US watchdogs lay siege to Europe’s banks

Benjamin Lawsky has huge powers over foreign banks that outweigh even his jurisdiction against many US banks

Benjamin Lawsky has worked hard to earn his moniker in France these days: L’homme qui fait trembler les banques, the man who makes the banks tremble.

The head of the fledgling Department of Financial Services in New York has certainly shaken BNP to its core.

The record fine of nearly $9bn (£5.3bn) imposed on the sanctions-busting bank – confirmed last night with accompanying restrictions on clearing dollar transactions – was so tough that it has led to squeals on this side of the Atlantic that Mr Lawsky and his regulatory ilk in the US are acting with an eye to patriotic, rather than legal, duties.

It is not a new claim against the man widely compared with Eliot Spitzer, the former New York governor who pursued Wall Street’s titans remorselessly before being laid low by a prostitutes scandal.

In fact it was back in 2012, during Mr Lawsky’s run-in with Standard Chartered, that such complaints first arose. The case is most widely remembered for Standard Chartered’s now-departed finance chief, Richard Meddings, supposedly having raged against “fucking Americans” telling the rest of the world how to behave. The bank furiously denies any such quote, but the words carried within them a widely held feeling in London, and now in Paris, that New York and Washington are protectionist bully boys looking to shore up Wall Street.

But the statistics do not entirely bear that out. Take JPMorgan Chase, the posterboy for all-American financial savvy during the financial crisis. US watchdogs fined it $1.7bn in January over the Madoff affair; $13bn in November 2013 over toxic mortgage-backed securities; and $920m last September for the London Whale scandal (although part of that fine went to UK regulators). It also paid part of a shared $25bn settlement in February 2012 for unfairly foreclosing on Americans’ homes.

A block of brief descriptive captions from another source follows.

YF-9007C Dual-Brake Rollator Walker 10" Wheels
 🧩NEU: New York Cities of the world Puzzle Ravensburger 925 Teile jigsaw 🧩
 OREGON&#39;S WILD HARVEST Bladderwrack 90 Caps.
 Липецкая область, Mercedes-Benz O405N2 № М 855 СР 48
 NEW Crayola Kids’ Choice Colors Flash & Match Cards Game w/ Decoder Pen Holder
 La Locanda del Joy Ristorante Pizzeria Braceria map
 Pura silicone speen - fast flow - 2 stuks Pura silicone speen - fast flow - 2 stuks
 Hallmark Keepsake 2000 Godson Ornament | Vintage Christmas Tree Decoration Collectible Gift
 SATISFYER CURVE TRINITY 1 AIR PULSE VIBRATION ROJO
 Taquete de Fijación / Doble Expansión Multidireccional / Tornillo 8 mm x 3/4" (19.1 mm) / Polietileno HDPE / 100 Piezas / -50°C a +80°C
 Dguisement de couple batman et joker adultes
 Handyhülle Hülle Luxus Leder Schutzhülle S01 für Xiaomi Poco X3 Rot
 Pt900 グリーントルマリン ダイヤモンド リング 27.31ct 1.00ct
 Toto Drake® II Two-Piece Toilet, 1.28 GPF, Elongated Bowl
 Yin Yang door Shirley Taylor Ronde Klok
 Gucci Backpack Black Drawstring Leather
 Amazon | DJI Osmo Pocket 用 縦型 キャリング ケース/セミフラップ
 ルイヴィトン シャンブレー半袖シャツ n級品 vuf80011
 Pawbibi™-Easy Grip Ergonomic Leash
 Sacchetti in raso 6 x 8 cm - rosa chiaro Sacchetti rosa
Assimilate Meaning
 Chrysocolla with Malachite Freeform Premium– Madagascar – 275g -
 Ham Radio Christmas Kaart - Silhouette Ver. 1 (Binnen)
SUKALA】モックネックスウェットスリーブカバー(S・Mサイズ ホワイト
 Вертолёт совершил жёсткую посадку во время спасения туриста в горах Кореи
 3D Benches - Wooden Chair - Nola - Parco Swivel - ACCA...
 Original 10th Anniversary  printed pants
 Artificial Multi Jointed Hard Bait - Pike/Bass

Bank of America, too, paid $11.6bn and $9.5bn in US fines over duff mortgage assets it sold the state-owned Fannie Mae and Freddie Mac, plus $8.5bn to investors sold duff mortgage-backed securities.

Of the Europeans, meanwhile, fines ranging from $1bn to $2.6bn have been levied by the US on Credit Suisse, HSBC, Rabobank and a few others. They were mainly for money laundering, sanctions busting and Libor fixing.

Big fines, of course, but when set against some of those on US banks, even BNP’s does not seem too outrageous.

The banking analyst Chris Skinner argues in his blog: “The difference in the fines is not the scale but the rule. American authorities are punishing overseas banks for breaching US rules on trading whilst fining their own banks for screwing their customers and the government.”

The issue with Mr Lawsky, as the Columbia Law School professor John C Coffee Jr points out, is that he has huge powers over foreign banks that outweigh even his jurisdiction against many US banks. Pretty much all overseas banks operate through his state.

He also tends to muscle in on other investigations to get a cut for New York. So it was that he scraped $715m from the $2.6bn Credit Suisse paid federal authorities over tax evasion. As James Cox, professor of law at Duke University, says: “Somebody else has already tackled the company, is taking them down, and he climbs on top of the heap.”

Whether he’s putting his own team to work, or climbing on others’ backs, the result for banks on both sides of the Atlantic will be the same: more fines. Mr Skinner predicts another five or six major new areas including ripping off customers, insider trading and general mis-selling of financial products.

And that all means hundreds of millions more dollars in fines for Mr Lawsky and his fellow watchdogs.